Proposed TOP-001-4 R10 requires TOP’s to monitor its facilities, Remedial Action Schemes and Non-BES facilities that it identifies as necessary to determine SOL exceedances in R10.1, R10.2 and R10.3.  For Sub-Requirements R10.4, R10.5 and R10.6 the wording has changed to “obtain and utilize” instead of the former “monitor” used in previous drafts of TOP-001-3. These Sub-Requirements also use the wording “identified as necessary by the Transmission Operator”.  The proposed TOP-001-4 RSAW requires the Transmission Operator to provide evidence that it monitored all the data stated in the Sub-Requirements without requiring the TOP to providing reasoning or qualifications for how the TOP determined what or how the data “obtained and utilized” was “identified as necessary”.  This creates unenforceable requirements that have no reason to be added to a Standard.

Proposed TOP-001-4 R10.5 requires TOPs to obtain and utilize statuses of Remedial Action Schemes in neighboring TOP areas.  Currently TOP SPS statuses is communicated through notifications required to the RC and affected TOPs.  This notification process requirement works and keeps the wide area system monitoring and control responsibility on ERCOT the Reliability Coordinator and not on individual TOPs.
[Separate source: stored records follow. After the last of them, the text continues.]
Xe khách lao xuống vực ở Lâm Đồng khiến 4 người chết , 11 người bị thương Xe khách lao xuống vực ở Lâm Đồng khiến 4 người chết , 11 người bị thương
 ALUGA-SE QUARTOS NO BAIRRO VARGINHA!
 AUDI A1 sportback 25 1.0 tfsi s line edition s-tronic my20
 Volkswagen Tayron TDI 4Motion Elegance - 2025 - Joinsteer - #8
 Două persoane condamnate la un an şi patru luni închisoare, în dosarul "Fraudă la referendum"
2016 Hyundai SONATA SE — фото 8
In closing, the ERCOT region is structured to support a deregulated market in which ERCOT monitors facilities for all TOPS and has a centralized view of the entire region to maintain reliability. TOPs operating within ERCOT currently do not have the technical capability to obtain and utilize data specified in R10.4, R10.5 and R10.6. This requirement imposes a "one size fits all" regional structure which would place an unreasonable financial burden on all TOPs to both install and maintain additional hardware in each station or install and maintain multiple ICCPs between control centers. This requirement would place this financial burden on TOPs for nothing more than to replicate an RC function with no benefit to the BES. At no point in proposed Standard TOP-001- 4 does it require TOs to supply neighboring TOs with this data. Oncor requests R1O.4, R10.5, R10.6 be removed from the standard due to lack of regional flexibility.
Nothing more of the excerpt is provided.